YWCA to host judge who sentenced sexual predator Larry Nassar, USA Gymnastics doctor
May 29, 2019 Updated Wed., May 29, 2019 at 8:57 a.m.

A local organization that works to give voice to victims is bringing to Spokane the judge who made victims a more prominent focus in the Larry Nassar USA Gymnastics sex-abuse scandal.
YWCA Spokane announced Tuesday that Michigan Circuit Court Judge Rosemarie Aquilina has agreed to be the keynote speaker for the organization’s largest fundraiser of the year, the Women of Achievement awards luncheon, to be held Oct. 11.
“Victims are now feeling like they have more voice,” YWCA Spokane CEO Regina Malveaux said. “We felt it was important to weave that theme into our work.”

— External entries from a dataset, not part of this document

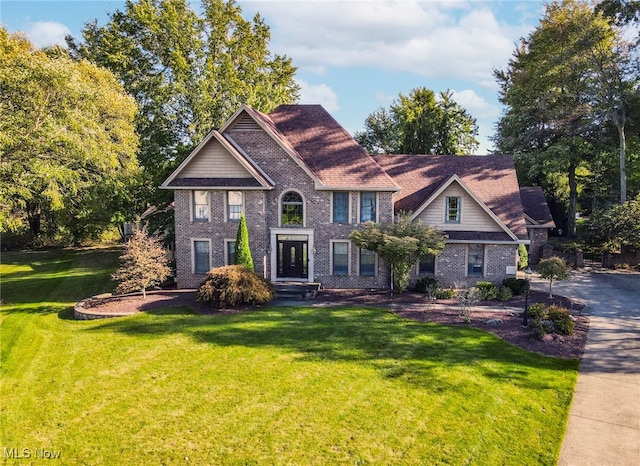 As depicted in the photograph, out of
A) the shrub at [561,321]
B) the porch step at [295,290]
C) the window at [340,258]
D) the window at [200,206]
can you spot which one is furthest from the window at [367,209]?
A: the shrub at [561,321]

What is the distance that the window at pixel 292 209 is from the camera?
22688mm

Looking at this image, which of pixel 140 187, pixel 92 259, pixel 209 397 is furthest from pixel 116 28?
pixel 209 397

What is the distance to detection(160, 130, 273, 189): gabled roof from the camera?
70.7ft

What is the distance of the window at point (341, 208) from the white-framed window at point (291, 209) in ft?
5.99

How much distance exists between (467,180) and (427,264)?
21.3 feet

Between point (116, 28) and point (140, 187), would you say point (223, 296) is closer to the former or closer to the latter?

YWCA has long advocated for victims of domestic violence and children who are exposed to those situations. The facility houses a joint venture by the Spokane Police Department, Spokane County Sheriff’s Office and prosecutors who work to combat domestic violence.
In Aquilina, the organization is bringing in a judge who presided over a sentencing that lasted seven days so that more than 150 of Nassar’s victims could confront the former team doctor at Michigan State University. In all, more than 300 former patients claimed Nassar sexually abused them.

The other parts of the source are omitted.